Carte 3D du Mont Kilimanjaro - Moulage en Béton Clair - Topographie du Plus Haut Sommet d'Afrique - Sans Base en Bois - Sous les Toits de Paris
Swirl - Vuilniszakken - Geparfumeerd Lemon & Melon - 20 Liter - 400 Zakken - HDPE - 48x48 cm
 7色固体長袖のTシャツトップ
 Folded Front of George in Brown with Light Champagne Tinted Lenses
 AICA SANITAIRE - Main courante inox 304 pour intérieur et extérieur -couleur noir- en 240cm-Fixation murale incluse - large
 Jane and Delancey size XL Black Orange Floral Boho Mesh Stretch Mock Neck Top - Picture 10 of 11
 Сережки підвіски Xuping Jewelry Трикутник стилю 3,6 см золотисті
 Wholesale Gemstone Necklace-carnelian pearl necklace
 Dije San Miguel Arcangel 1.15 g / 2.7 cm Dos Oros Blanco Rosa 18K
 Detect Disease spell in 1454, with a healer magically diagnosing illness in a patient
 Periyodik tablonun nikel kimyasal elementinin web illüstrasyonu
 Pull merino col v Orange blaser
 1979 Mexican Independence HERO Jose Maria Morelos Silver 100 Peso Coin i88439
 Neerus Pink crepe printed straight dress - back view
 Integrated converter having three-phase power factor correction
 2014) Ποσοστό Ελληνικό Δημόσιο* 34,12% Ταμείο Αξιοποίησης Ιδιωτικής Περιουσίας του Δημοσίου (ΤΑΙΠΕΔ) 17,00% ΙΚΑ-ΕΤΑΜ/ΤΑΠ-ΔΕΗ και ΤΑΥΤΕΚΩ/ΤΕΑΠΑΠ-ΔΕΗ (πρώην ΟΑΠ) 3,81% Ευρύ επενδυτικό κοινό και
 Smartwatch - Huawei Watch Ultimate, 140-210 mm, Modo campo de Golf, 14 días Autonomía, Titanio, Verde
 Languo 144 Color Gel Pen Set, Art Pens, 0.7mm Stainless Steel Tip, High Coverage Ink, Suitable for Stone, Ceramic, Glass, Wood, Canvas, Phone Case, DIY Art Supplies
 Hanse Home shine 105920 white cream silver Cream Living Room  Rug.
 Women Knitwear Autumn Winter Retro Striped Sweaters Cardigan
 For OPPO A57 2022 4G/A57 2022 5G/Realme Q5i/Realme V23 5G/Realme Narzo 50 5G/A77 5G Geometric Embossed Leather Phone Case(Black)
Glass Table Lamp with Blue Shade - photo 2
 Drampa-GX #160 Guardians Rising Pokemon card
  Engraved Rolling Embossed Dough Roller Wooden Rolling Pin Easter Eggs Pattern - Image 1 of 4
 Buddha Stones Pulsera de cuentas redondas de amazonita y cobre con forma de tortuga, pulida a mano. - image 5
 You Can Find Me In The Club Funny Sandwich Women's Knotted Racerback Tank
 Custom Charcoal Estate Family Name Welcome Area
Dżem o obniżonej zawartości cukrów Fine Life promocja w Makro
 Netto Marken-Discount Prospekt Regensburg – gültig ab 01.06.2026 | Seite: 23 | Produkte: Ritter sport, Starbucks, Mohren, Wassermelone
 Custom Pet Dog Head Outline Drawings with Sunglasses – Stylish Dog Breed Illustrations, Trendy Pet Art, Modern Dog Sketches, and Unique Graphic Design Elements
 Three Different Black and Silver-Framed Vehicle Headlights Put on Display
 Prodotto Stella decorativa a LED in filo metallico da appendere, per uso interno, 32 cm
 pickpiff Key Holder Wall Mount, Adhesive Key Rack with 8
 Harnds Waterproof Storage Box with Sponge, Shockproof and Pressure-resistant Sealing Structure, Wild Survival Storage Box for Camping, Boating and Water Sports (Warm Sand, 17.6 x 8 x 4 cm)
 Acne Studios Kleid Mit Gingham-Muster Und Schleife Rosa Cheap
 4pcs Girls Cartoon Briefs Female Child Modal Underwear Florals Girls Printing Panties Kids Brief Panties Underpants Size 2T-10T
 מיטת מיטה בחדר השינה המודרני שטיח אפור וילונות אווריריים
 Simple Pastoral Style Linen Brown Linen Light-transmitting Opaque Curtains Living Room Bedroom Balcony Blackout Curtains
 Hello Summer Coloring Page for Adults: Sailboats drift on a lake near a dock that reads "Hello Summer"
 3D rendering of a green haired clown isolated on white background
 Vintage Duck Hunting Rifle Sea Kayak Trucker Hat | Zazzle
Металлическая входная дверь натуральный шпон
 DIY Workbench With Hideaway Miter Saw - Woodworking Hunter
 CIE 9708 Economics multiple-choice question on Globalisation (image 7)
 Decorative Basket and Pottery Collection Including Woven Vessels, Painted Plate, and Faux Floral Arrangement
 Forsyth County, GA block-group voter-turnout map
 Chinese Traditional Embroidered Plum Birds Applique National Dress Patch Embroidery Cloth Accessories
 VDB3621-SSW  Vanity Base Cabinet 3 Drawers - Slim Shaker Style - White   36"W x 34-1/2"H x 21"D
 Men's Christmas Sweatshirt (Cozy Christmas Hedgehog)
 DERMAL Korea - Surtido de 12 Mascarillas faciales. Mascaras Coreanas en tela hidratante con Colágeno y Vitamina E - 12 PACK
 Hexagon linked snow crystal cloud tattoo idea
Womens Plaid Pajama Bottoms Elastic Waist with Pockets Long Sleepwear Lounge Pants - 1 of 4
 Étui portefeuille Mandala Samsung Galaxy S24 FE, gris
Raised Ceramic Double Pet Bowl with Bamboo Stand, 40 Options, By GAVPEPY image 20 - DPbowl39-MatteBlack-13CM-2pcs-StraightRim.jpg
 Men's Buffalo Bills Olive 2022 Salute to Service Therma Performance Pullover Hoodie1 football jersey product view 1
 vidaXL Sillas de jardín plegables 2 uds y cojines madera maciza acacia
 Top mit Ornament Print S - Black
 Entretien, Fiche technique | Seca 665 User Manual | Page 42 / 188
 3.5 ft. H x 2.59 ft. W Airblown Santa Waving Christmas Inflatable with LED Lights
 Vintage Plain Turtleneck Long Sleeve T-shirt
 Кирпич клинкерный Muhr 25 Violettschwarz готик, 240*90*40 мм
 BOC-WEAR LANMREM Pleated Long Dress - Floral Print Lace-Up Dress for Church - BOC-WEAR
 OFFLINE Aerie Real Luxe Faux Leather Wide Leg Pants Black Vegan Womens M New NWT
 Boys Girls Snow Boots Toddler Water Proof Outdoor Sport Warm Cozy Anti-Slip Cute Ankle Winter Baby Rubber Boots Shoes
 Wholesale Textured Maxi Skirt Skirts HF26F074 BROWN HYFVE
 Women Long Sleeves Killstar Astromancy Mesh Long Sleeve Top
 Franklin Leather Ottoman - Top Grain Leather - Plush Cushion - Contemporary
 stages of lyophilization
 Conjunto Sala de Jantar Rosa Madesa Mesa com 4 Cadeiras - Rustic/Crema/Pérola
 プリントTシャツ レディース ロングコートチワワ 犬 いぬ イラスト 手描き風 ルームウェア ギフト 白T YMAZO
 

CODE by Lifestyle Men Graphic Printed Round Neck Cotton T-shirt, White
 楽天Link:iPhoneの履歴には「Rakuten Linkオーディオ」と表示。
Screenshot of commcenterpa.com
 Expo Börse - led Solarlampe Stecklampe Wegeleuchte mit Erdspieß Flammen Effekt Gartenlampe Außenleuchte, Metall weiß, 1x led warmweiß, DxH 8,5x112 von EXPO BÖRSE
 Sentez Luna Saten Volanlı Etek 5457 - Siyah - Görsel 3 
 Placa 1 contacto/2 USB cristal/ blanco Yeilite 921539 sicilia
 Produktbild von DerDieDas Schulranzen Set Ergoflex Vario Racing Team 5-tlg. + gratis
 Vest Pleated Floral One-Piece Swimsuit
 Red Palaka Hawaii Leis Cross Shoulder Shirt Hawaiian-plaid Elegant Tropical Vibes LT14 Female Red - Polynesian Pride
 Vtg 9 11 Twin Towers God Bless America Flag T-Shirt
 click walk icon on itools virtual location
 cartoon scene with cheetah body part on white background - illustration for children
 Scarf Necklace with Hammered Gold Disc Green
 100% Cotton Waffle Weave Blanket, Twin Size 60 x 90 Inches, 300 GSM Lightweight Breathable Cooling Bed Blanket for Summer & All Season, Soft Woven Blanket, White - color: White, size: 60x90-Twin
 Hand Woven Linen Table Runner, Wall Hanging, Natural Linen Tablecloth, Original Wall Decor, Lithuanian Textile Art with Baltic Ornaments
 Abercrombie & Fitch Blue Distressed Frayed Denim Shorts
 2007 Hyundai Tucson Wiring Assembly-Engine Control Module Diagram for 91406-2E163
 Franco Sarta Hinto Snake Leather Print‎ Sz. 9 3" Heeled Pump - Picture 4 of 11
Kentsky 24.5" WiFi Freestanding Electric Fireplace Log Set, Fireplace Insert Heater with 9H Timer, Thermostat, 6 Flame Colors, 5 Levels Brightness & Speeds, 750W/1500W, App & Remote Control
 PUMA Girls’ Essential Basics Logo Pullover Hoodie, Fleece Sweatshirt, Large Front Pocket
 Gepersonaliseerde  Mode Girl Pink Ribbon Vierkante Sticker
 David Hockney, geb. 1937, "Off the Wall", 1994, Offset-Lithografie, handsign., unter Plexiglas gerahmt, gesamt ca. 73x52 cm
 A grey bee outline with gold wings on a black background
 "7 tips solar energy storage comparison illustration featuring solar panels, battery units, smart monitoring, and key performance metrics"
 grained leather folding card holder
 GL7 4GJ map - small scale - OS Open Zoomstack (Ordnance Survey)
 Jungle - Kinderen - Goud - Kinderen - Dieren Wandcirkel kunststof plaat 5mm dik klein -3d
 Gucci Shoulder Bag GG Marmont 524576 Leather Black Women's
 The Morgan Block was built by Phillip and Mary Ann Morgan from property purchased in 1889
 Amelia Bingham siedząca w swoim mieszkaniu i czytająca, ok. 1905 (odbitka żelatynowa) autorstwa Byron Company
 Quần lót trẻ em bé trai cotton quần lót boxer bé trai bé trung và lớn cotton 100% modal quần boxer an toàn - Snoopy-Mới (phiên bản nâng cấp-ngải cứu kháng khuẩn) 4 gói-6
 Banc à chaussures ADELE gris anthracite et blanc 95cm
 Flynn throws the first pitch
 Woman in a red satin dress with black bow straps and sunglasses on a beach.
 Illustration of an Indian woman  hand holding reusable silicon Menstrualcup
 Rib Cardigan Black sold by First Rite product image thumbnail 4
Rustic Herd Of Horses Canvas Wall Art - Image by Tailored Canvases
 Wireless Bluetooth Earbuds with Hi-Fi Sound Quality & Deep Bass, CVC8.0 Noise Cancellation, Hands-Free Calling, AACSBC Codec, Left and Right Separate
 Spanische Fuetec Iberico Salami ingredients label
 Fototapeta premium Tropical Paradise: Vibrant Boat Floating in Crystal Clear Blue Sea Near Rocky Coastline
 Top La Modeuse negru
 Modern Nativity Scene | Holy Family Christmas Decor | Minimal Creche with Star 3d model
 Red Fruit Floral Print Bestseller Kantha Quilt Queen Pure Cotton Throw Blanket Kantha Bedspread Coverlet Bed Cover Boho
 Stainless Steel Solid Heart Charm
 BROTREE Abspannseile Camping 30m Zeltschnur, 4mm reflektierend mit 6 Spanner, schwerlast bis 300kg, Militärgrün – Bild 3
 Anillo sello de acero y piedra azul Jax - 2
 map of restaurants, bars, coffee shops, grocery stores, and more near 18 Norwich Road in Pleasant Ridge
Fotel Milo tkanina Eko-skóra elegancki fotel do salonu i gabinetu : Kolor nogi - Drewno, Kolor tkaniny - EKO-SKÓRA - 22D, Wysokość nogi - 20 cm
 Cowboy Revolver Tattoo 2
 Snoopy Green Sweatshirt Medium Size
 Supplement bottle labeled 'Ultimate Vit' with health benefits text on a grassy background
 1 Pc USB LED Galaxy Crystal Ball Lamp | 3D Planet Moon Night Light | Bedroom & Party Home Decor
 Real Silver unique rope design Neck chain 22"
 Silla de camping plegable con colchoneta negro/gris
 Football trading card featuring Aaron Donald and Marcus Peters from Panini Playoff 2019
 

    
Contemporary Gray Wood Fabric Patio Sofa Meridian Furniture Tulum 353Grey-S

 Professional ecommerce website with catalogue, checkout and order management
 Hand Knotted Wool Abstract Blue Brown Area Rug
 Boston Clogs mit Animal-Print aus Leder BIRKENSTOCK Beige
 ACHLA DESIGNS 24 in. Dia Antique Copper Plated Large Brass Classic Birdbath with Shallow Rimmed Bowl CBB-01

-*-

**Task instructions**
Please output the lines of the listing above that fall in the stretch from the one with "Cowboy Revolver Tattoo 2" through the one with "Hand Knotted Wool", exactly and only those.

**Task output**
 Cowboy Revolver Tattoo 2
 Snoopy Green Sweatshirt Medium Size
 Supplement bottle labeled 'Ultimate Vit' with health benefits text on a grassy background
 1 Pc USB LED Galaxy Crystal Ball Lamp | 3D Planet Moon Night Light | Bedroom & Party Home Decor
 Real Silver unique rope design Neck chain 22"
 Silla de camping plegable con colchoneta negro/gris
 Football trading card featuring Aaron Donald and Marcus Peters from Panini Playoff 2019
 

    
Contemporary Gray Wood Fabric Patio Sofa Meridian Furniture Tulum 353Grey-S

 Professional ecommerce website with catalogue, checkout and order management
 Hand Knotted Wool Abstract Blue Brown Area Rug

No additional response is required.